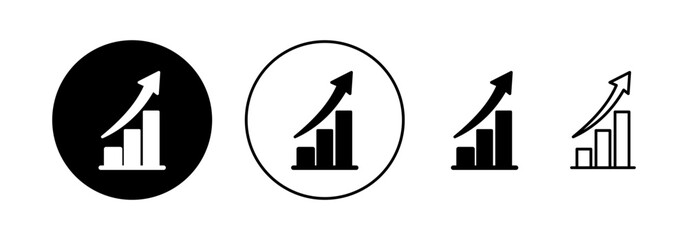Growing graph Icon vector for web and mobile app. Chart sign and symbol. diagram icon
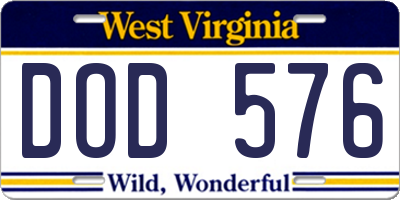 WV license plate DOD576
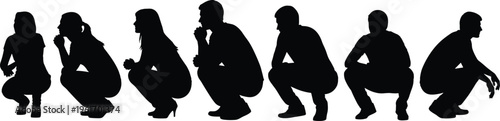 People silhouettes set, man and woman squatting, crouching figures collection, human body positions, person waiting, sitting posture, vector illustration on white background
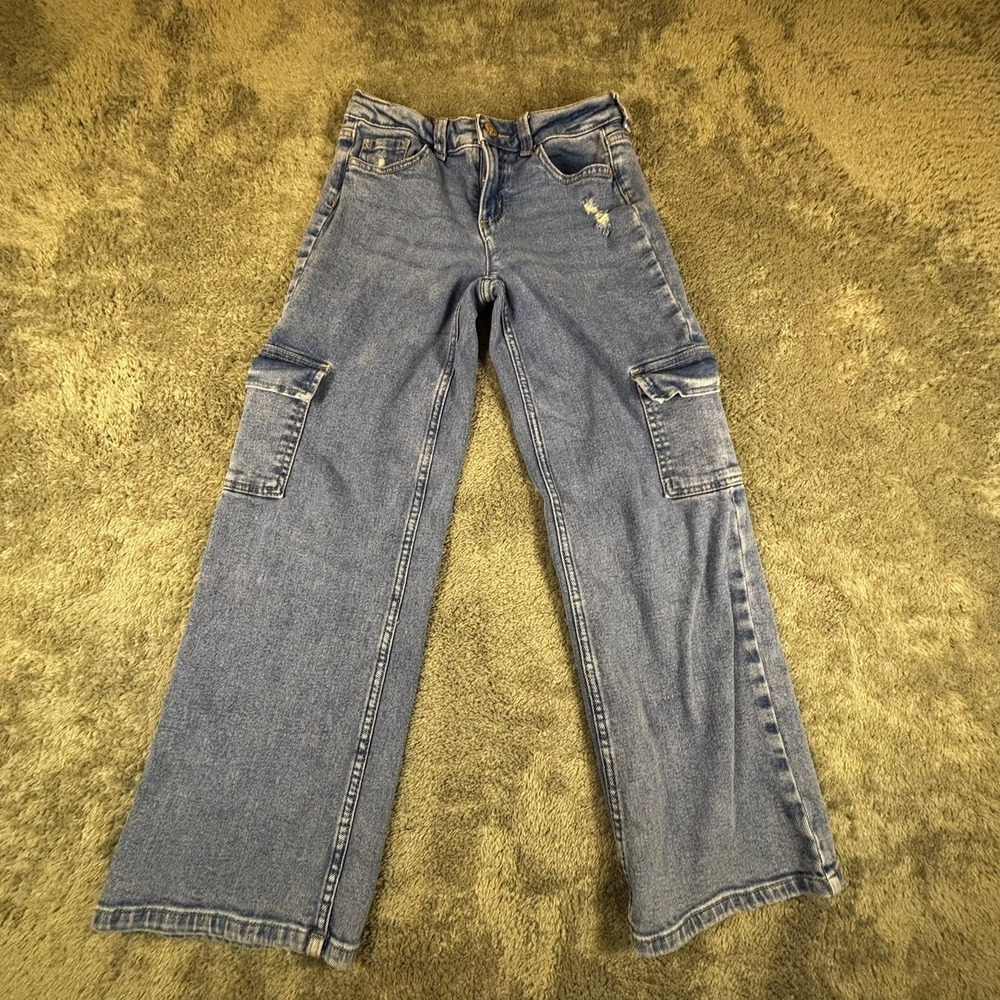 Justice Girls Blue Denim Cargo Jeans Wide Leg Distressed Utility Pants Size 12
==
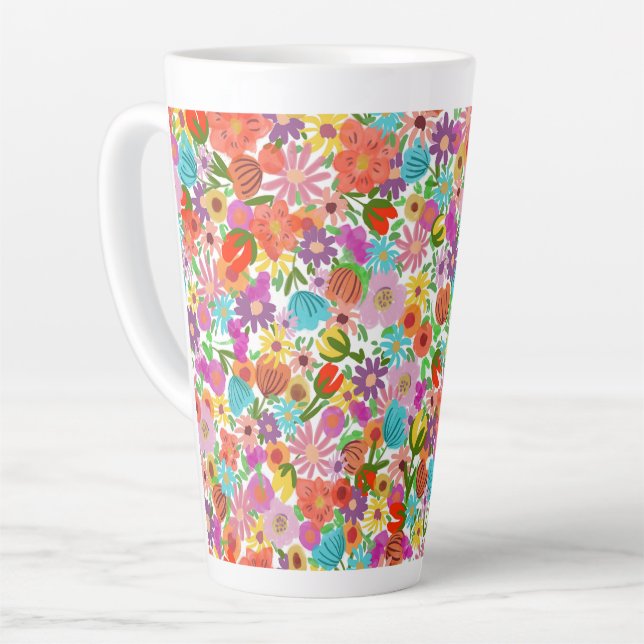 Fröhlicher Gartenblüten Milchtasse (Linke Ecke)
--
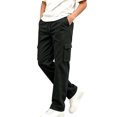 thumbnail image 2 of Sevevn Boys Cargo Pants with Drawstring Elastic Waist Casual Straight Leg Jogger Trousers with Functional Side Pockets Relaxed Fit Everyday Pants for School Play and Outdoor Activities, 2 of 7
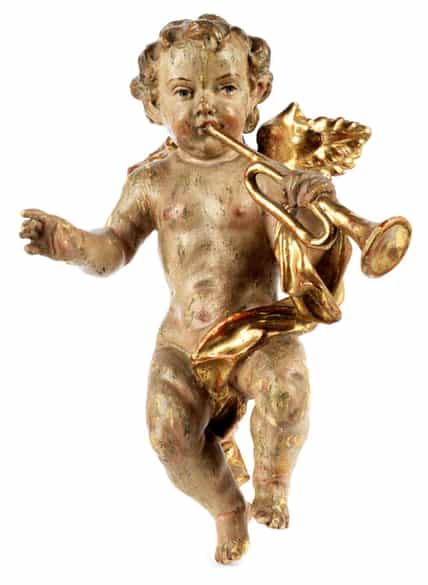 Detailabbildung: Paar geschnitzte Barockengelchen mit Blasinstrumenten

Problem:
In the records above, find the line with "Growing graph Icon" and the line with "Justice Girls Blue", then restate word for word only those two lines and all lines between, omitting pictures.

Exercise solution:
Growing graph Icon vector for web and mobile app. Chart sign and symbol. diagram icon
 WV license plate DOD576
 People silhouettes set, man and woman squatting, crouching figures collection, human body positions, person waiting, sitting posture, vector illustration on white background
 Justice Girls Blue Denim Cargo Jeans Wide Leg Distressed Utility Pants Size 12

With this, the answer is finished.